I want to get all the rows where all columns are nonzero, so I can then get their sum. Either as an array:

rows = [True, False, True, False]
result = A[rows].sum()

Or as indices:

rows = [0, 2]
result = A[rows].sum()

I am stuck however at the first part, figuring out which rows to include in the sum, as most results seem to be looking for the opposite (rows where all columns are zero).

Answer 1

It is a bit easier to do for numpy arrays than for sparse ones. If you do not mind converting to numpy as an intermediate step, you can get the right rows via

(A.toarray() != 0).all(axis=1)

to produce

array([ True, False,  True, False])

and then use it in indexing A as such:

A[(A.toarray() != 0).all(axis=1),:].sum()

returns 12

Answer 2

In [35]: from scipy import sparse
In [36]: A = sparse.csr_matrix(np.array(
    ...:       [[1, 1, 2, 1],
    ...:        [0, 0, 2, 0],
    ...:        [1, 4, 1, 1],
    ...:        [0, 1, 0, 0]]))
In [37]: A
Out[37]: 
<4x4 sparse matrix of type '<class 'numpy.int64'>'
    with 10 stored elements in Compressed Sparse Row format>

Sparse doesn't do 'all/any' kinds of operations because they treat 0's as significant values.

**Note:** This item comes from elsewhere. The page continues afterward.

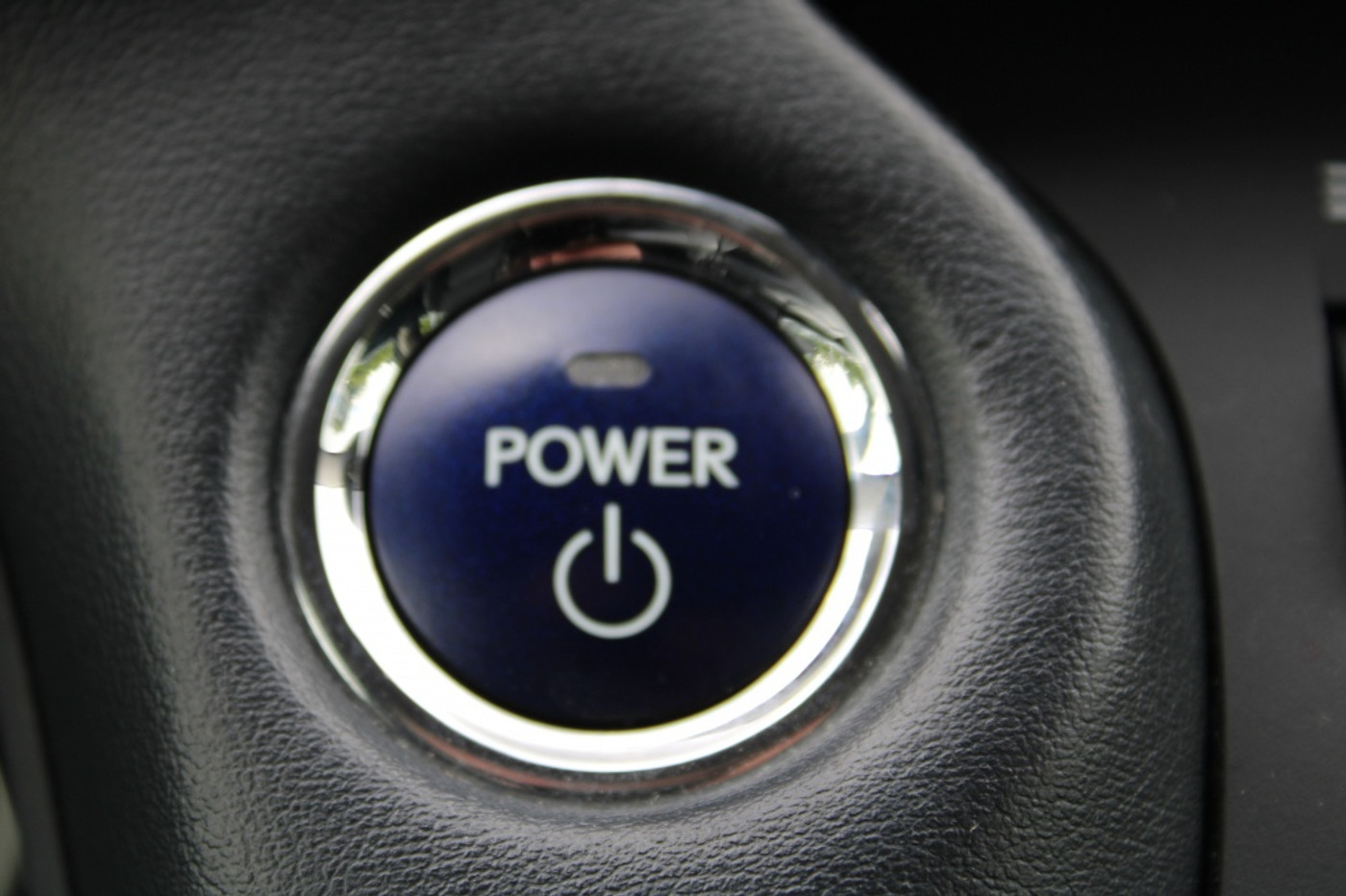 Foto van Lexus Lexus Ct200h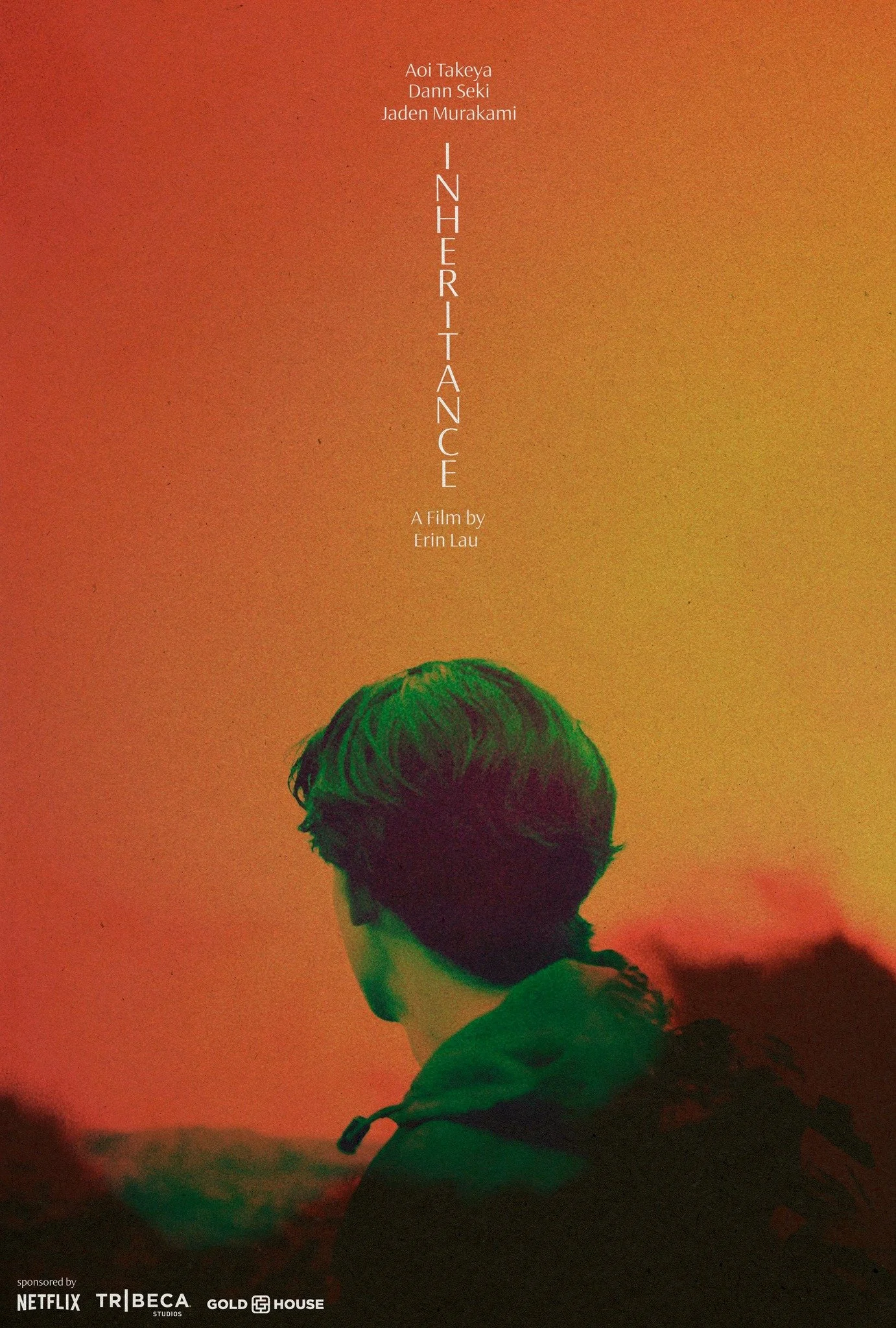 Inheritance 2022 Poster.jpeg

all on the dense equivalent works nicely:

In [41]: A.A.all(axis=1)
Out[41]: array([ True, False,  True, False])

On the sparse one we can turn the dtype to boolean, and sum along the axis. And then test it for the full value:

In [42]: A.astype(bool).sum(axis=1)
Out[42]: 
matrix([[4],
        [1],
        [4],
        [1]])
In [43]: A.astype(bool).sum(axis=1).A1==4
Out[43]: array([ True, False,  True, False])

Notice that the sparse sum returns a np.matrix . I used A1 to turn that into a 1d array.

If the matrix isn't too large, working with the dense array may be faster. Sparse operations like sum are actually performed with matrix multiplication.

In [51]: A.astype(bool)@np.ones(4,int)
Out[51]: array([4, 1, 4, 1])

Or we could convert it to lil format, and look at the length of the 'rows':

In [67]: A.tolil().data
Out[67]: 
array([list([1, 1, 2, 1]), list([2]), list([1, 4, 1, 1]), list([1])],
      dtype=object)
In [68]: [len(i) for i in A.tolil().data]
Out[68]: [4, 1, 4, 1]

But wait, there's more. The indptr attribute of the csr is:

In [69]: A.indptr
Out[69]: array([ 0,  4,  5,  9, 10], dtype=int32)
In [70]: np.diff(A.indptr)
Out[70]: array([4, 1, 4, 1], dtype=int32)

I've omitted some test timings, but this last is clearly the fastest!